There has been some debate in Florida about whether it is appropriate for candidates running for seats on local courts to answer these questions since doing so could create the appearance of having pre-judged issues that might come before them should they win election to the bench.
Focus on the Family is reporting that the state’s Judicial Ethics Advisory Committee has decided that judicial candidates can indeed answer such questions
The Florida Supreme Court Judicial Ethics Advisory Committee notified judicial candidates that it’s OK to answer questions and express their views to assist voters in making educated choices.
The resolution came in response to an inquiry whether candidates should respond to questionnaires from the Florida Family Policy Council and the Christian Coalition of Florida.
The six-page decision indicated that “answers do not constitute a promise that the candidate will rule a certain way in a case.”
James Bopp, Jr., counsel for the James Madison Center for Free Speech, said the committee’s decision echoes the First Amendment.
“This is a victory for all involved,” he said. “Judicial candidates can exercise their First Amendment right to speak, and voters can make informed decisions about whom to vote for on election day.”
If you were just to have read FOF’s report, you’d have no idea that the Advisory Committee’s decision was actually far more measured
A Florida judicial ethics panel once again has left judicial candidates more or less on their own in deciding whether to respond to questionnaires from special interest groups that seek to pin down their views on hot-button social, political and legal issues.
In response to requests from candidates for guidance, the Judicial Ethics Advisory Committee reiterated Monday that judicial candidates can respond to such surveys as long as they make it clear that their answers are not promises of future rulings. It previously took a similar position.
The 12-member committee, chaired by 1st District Court of Appeal Judge Robert Benton II, said the state Code of Judicial Conduct does not prevent candidates from making statements on “general judicial philosophy.”
“Judicial opinions on most controversial legal issues will have been the subject of scholarly analysis (e.g., law review articles), from which endeavor judges are not barred,” the committee wrote.
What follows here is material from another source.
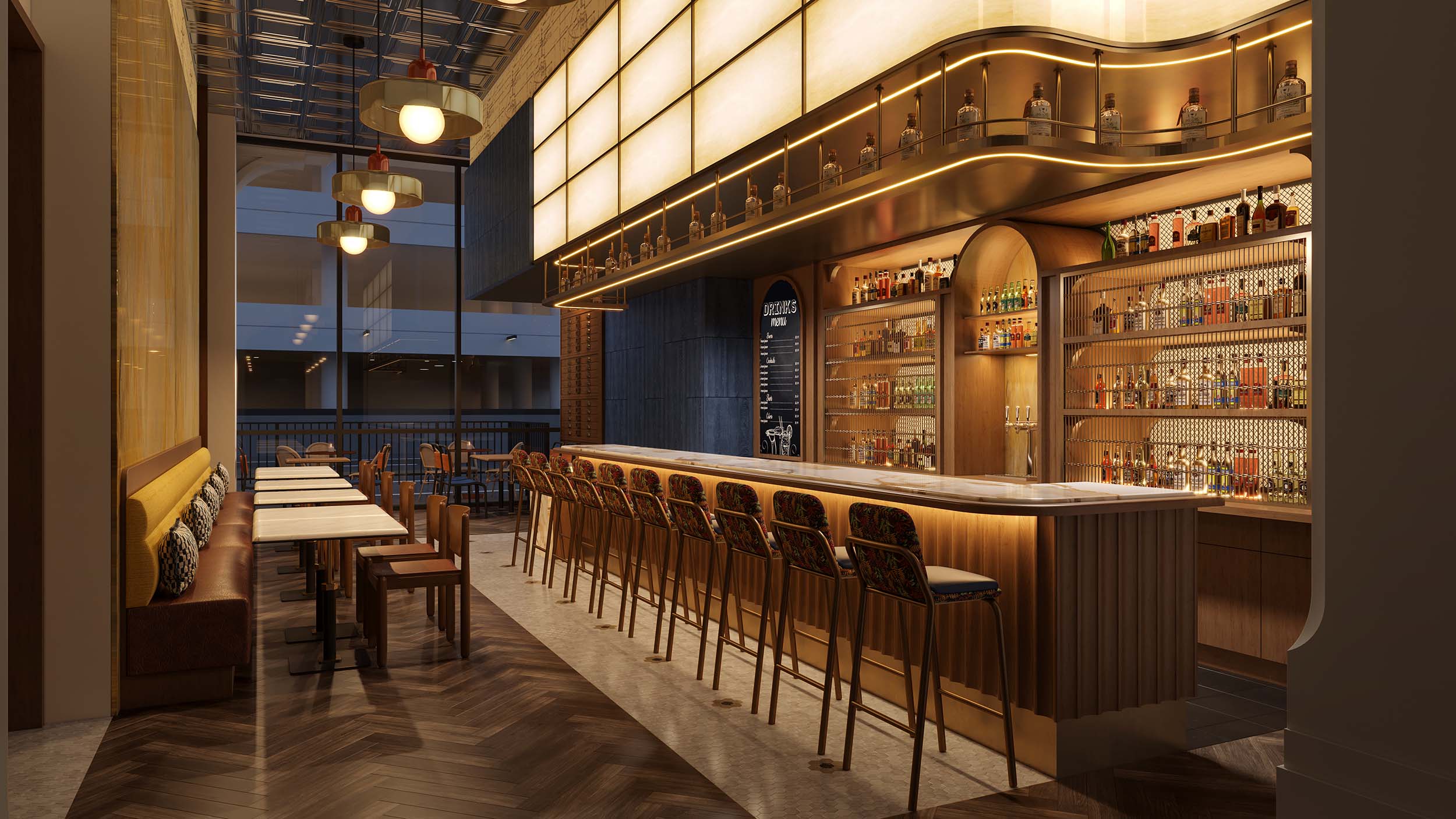 A modern bar with warm lighting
But the committee cautioned candidates that there is a thin line between publicly announcing their opinions and violating the state rule against committing to a particular judicial position. “It must be remembered that, when considering motions for disqualification, the ‘eye of the beholder’ is the primary focus,” the committee wrote.
Four of the committee members took a slightly stronger position, stating that refusing to answer judicial survey questions “might be an ethical imperative.”
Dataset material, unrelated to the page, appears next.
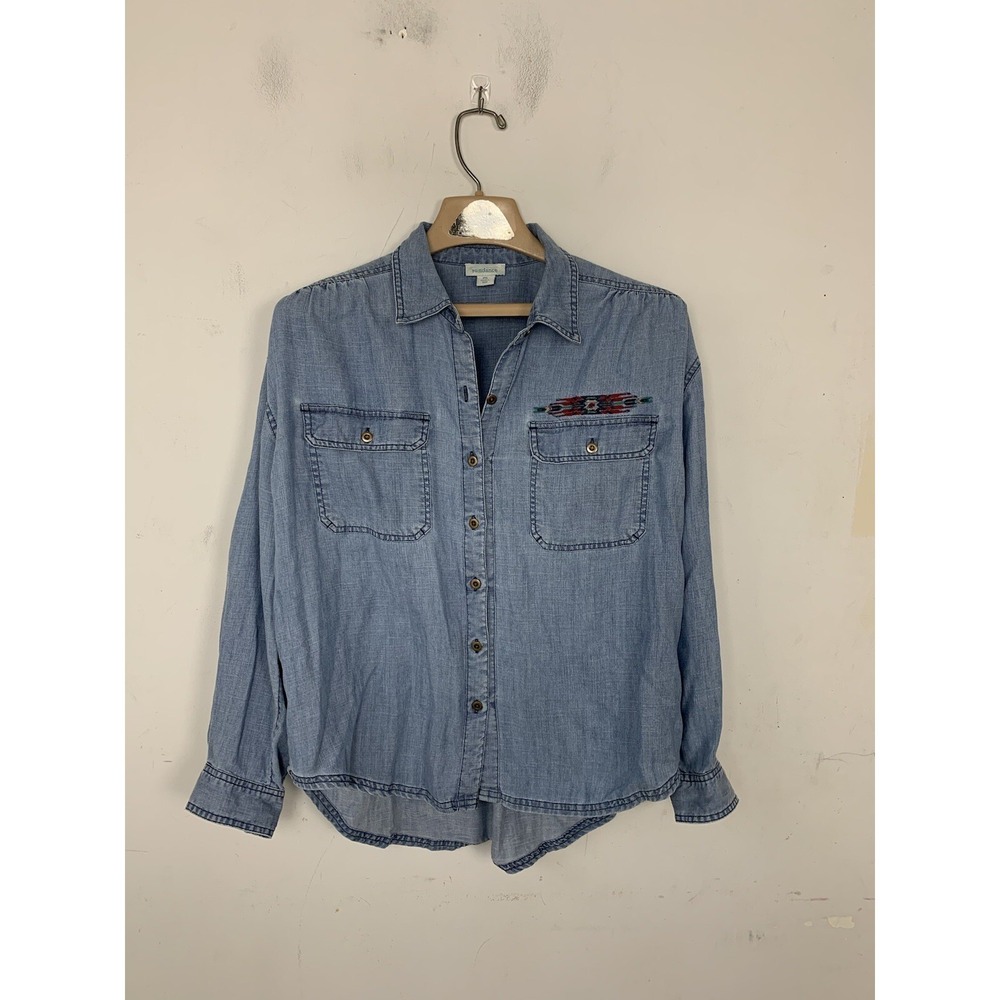 Sundance Women Shirt Small Aztec Linen Southwest Western Country Denim Chambray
The Judicial Ethics Advisory Committee opinion stated that candidates who choose to respond to these surveys must “clearly indicate” that they will follow the law and legal precedents regardless of their personal opinions. Trial court judges are required to follow higher court precedents — including the Florida Supreme Court rulings about which the candidates are being asked their opinions.
The Judicial Ethics Advisory Committee’s actual decision reads
[ISSUE] May a candidate for judicial office respond to questionnaires which cover such subjects as same-sex marriage, parental notification, and school vouchers, and whether the candidate agrees or disagrees with recent court decisions?
ANSWER: Yes, so long as (1) the candidate clearly indicates that the answers do not constitute a promise that the candidate will rule a certain way in a case; (2) the candidate clearly acknowledges the obligation to follow binding legal precedent anywhere it exists; (3) the candidate does not appear to endorse any other individual who is likely to stand for election to or retention in any public office or any platform of a political party; and (4) any commentary on past judicial decisions is analytical, informed, respectful, and dignified.
That is a little different than FOF’s cursory “they said it’s okay to answer our questions” interpretation.